__Instructions to follow__: For this exercise, the lines from the one with "Ceinture à boucle" through the final line of the data below are to be transcribed exactly, and pictures are to be skipped.

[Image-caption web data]
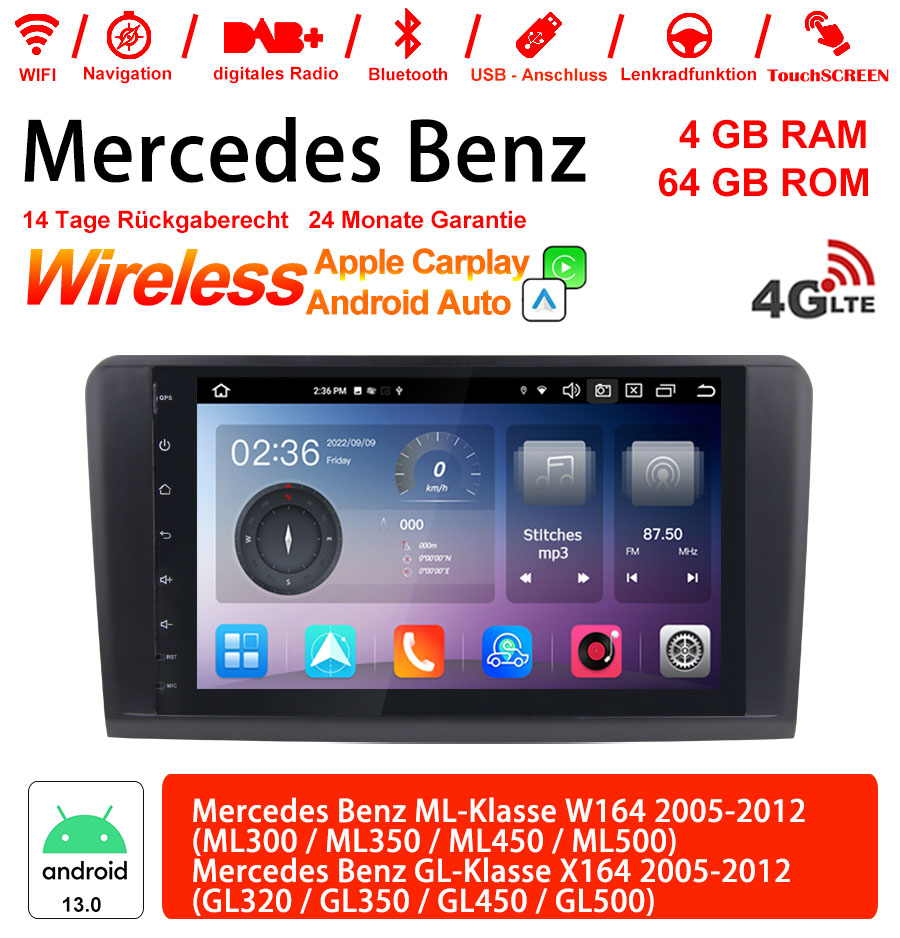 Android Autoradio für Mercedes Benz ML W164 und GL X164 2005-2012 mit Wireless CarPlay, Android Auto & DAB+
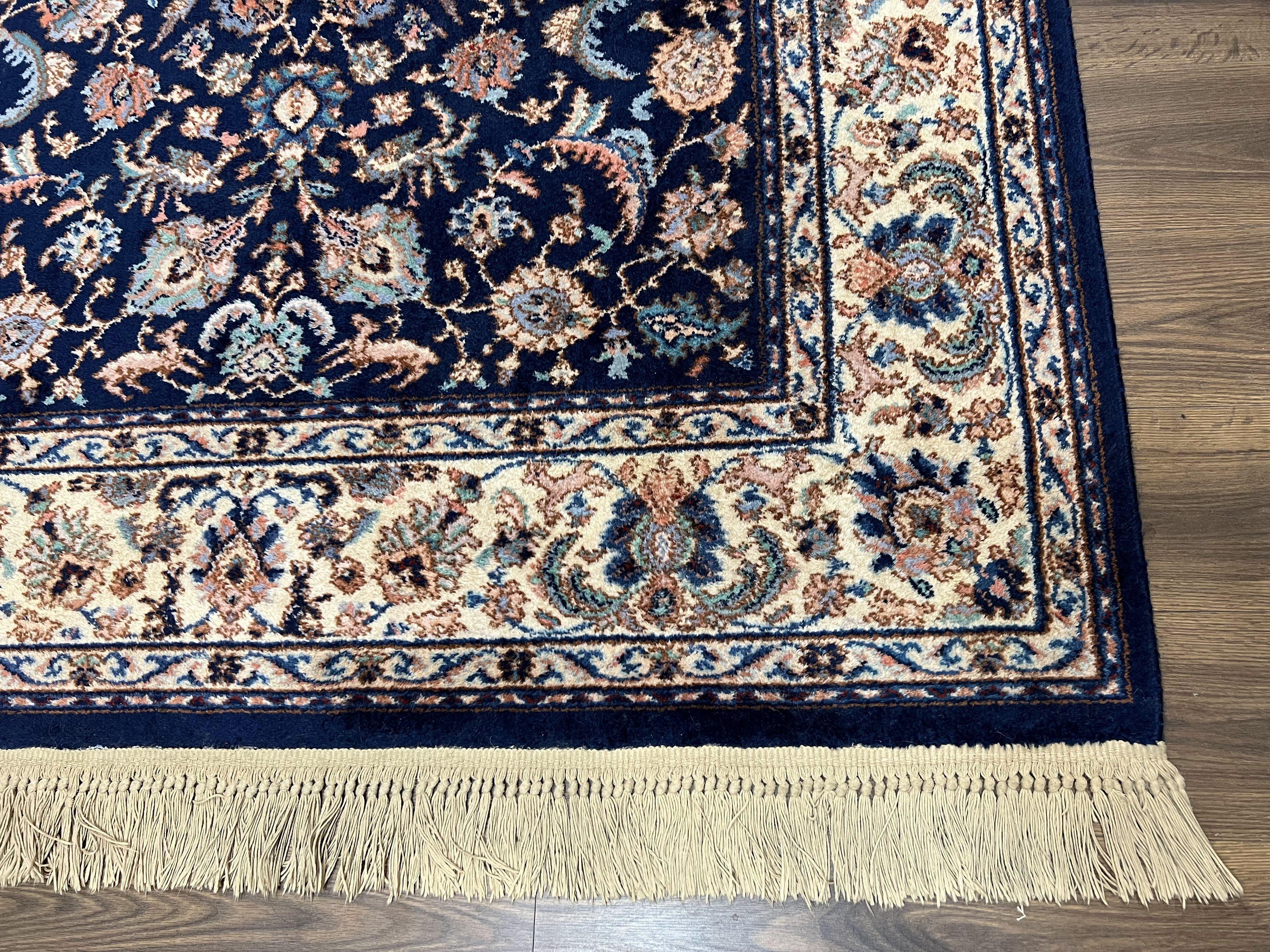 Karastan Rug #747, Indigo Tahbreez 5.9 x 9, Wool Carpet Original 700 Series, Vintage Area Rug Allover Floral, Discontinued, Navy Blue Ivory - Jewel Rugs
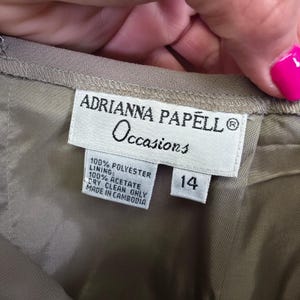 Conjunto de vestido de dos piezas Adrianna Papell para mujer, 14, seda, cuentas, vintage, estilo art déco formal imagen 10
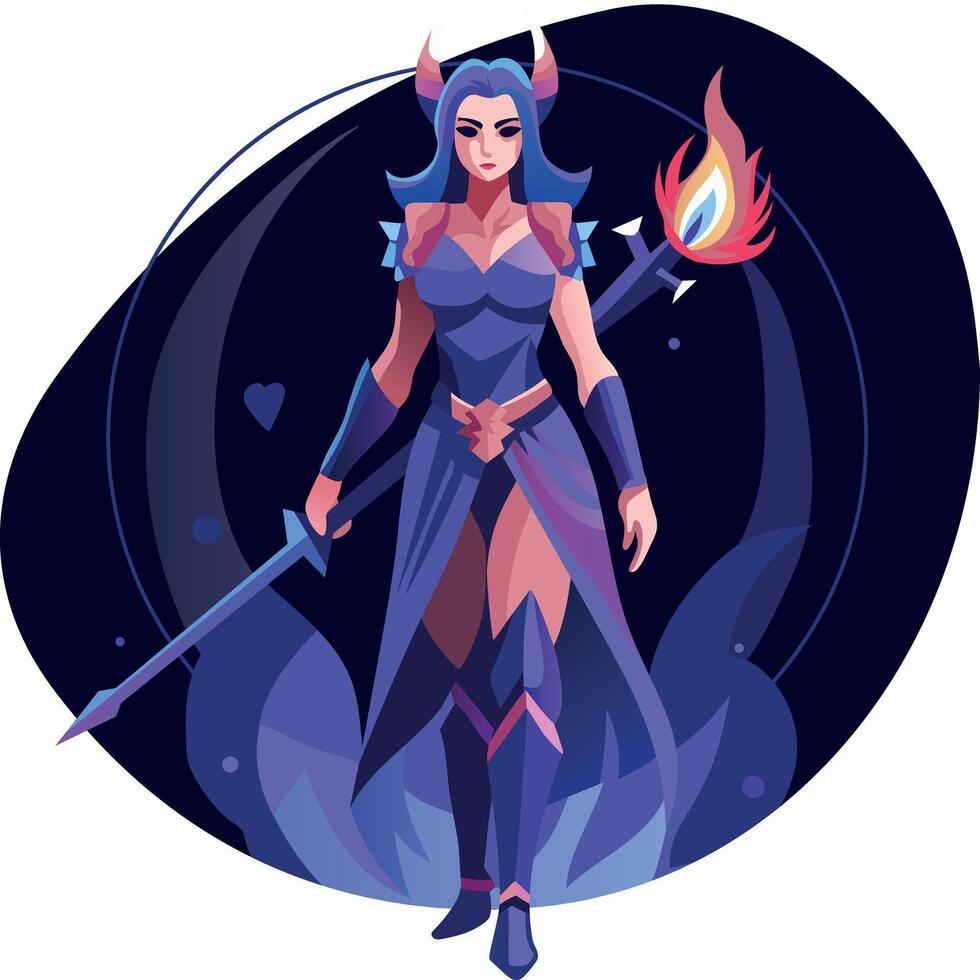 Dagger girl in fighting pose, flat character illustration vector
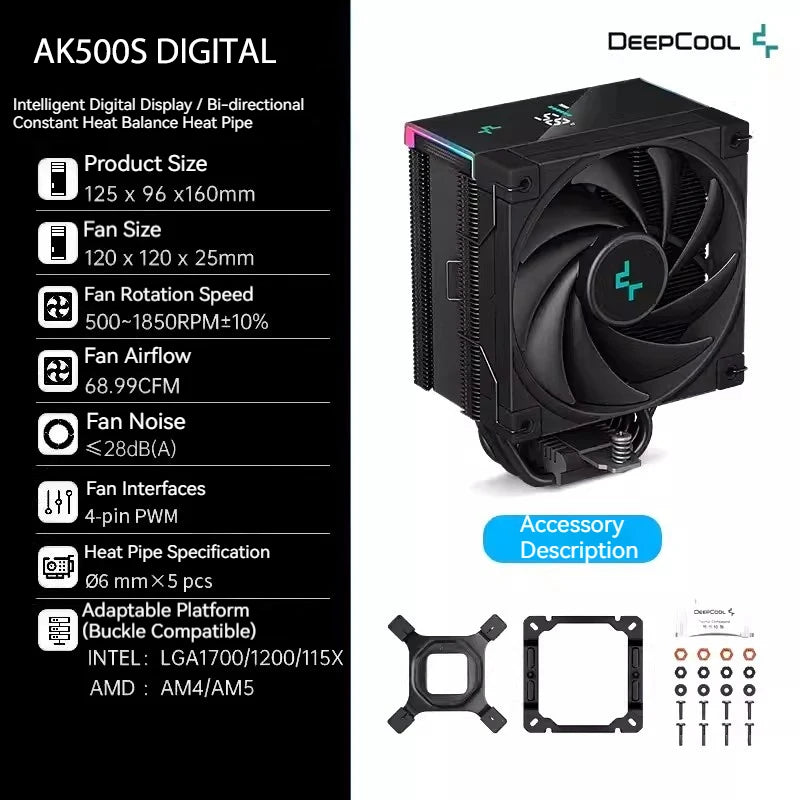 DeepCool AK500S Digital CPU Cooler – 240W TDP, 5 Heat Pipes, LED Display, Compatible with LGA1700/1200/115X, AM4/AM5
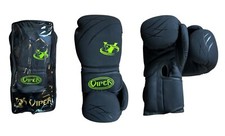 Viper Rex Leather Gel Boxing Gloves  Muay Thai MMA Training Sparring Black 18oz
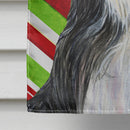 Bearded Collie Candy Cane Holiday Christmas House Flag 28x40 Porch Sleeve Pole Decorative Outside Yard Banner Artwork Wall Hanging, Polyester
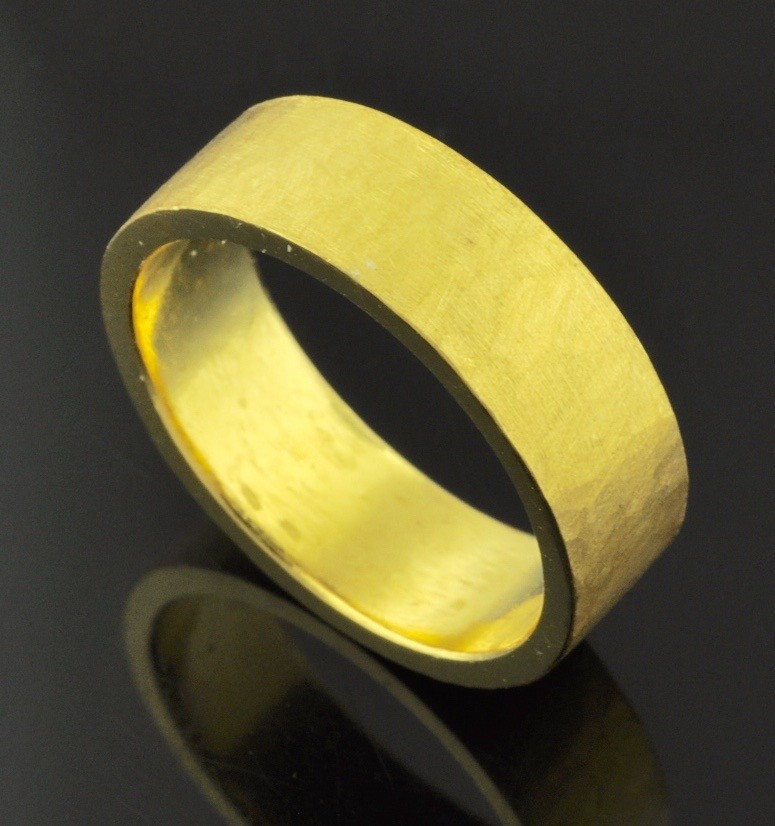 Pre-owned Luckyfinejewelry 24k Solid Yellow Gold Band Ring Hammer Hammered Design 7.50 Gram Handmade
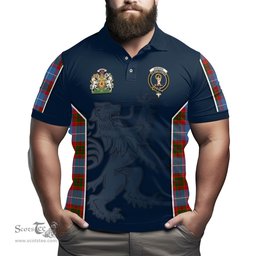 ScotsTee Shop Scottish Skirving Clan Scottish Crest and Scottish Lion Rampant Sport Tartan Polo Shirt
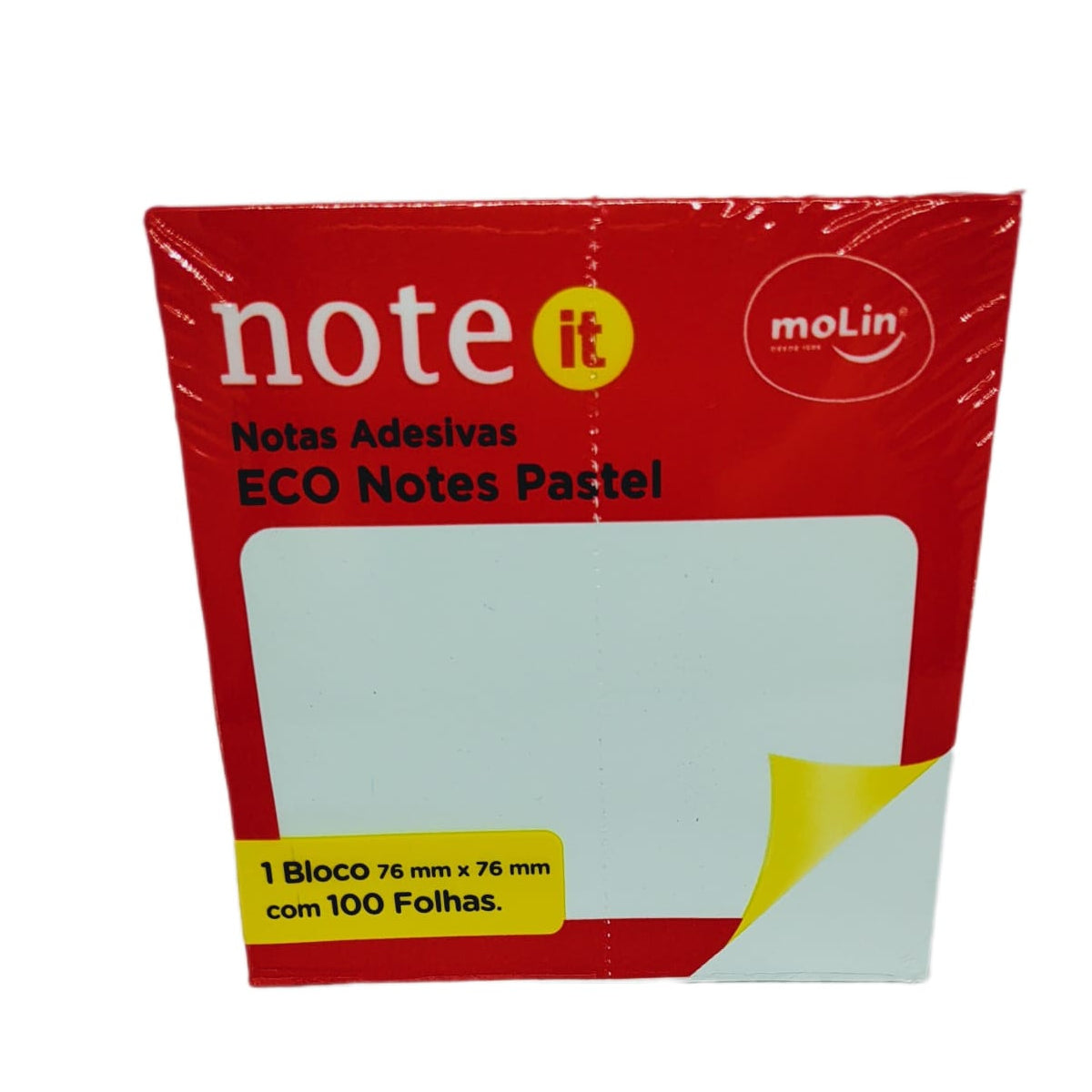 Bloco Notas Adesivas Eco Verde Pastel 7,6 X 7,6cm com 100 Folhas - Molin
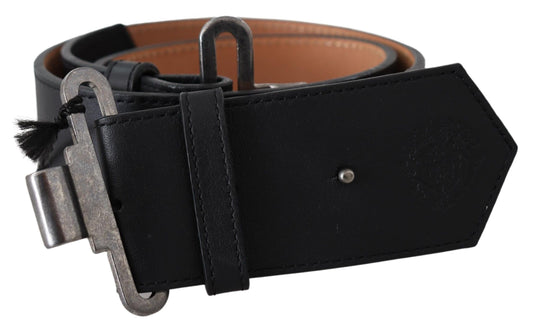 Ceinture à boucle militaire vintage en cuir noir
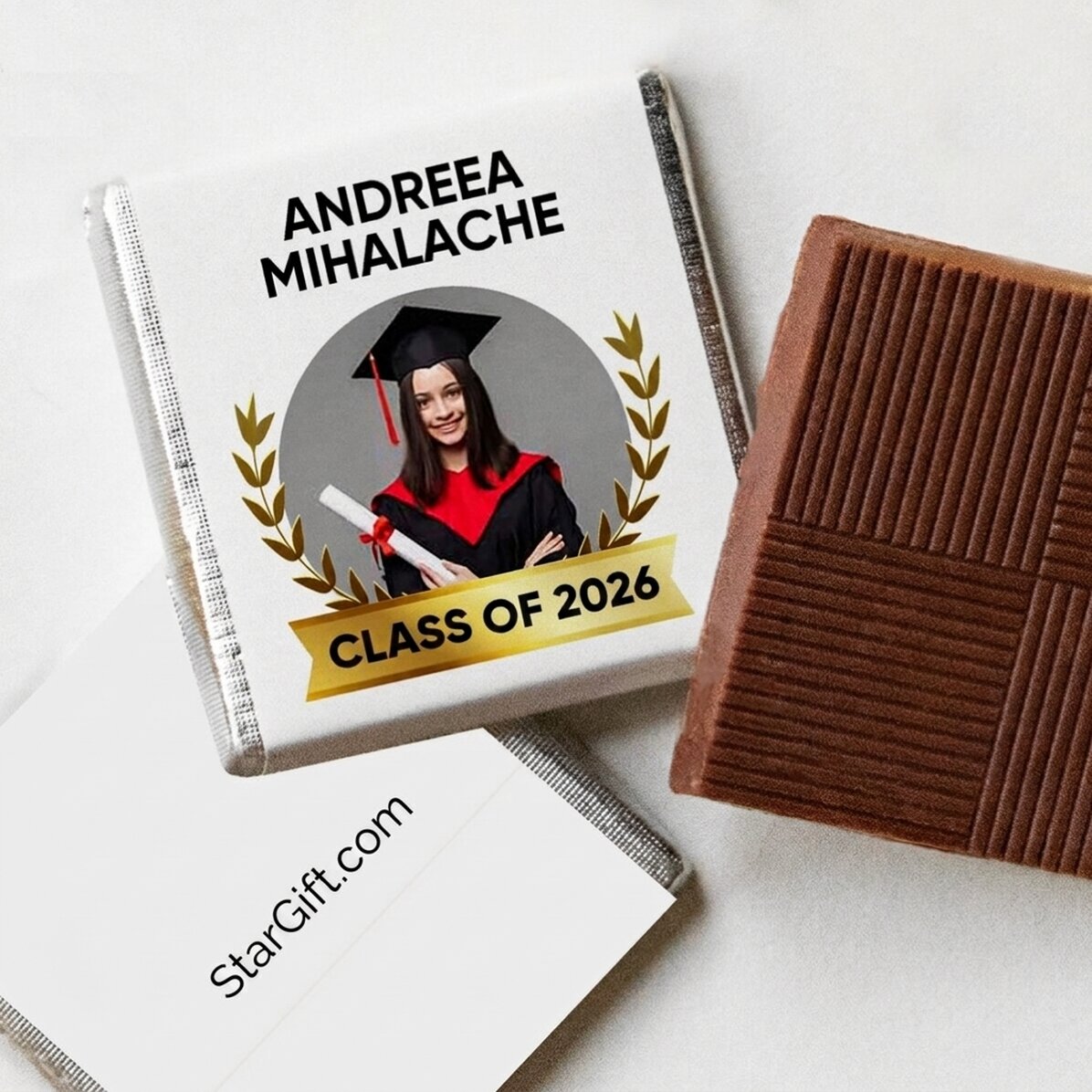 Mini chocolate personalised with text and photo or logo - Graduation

__Result of this exercise__:
 Ceinture à boucle militaire vintage en cuir noir
 Mini chocolate personalised with text and photo or logo - Graduation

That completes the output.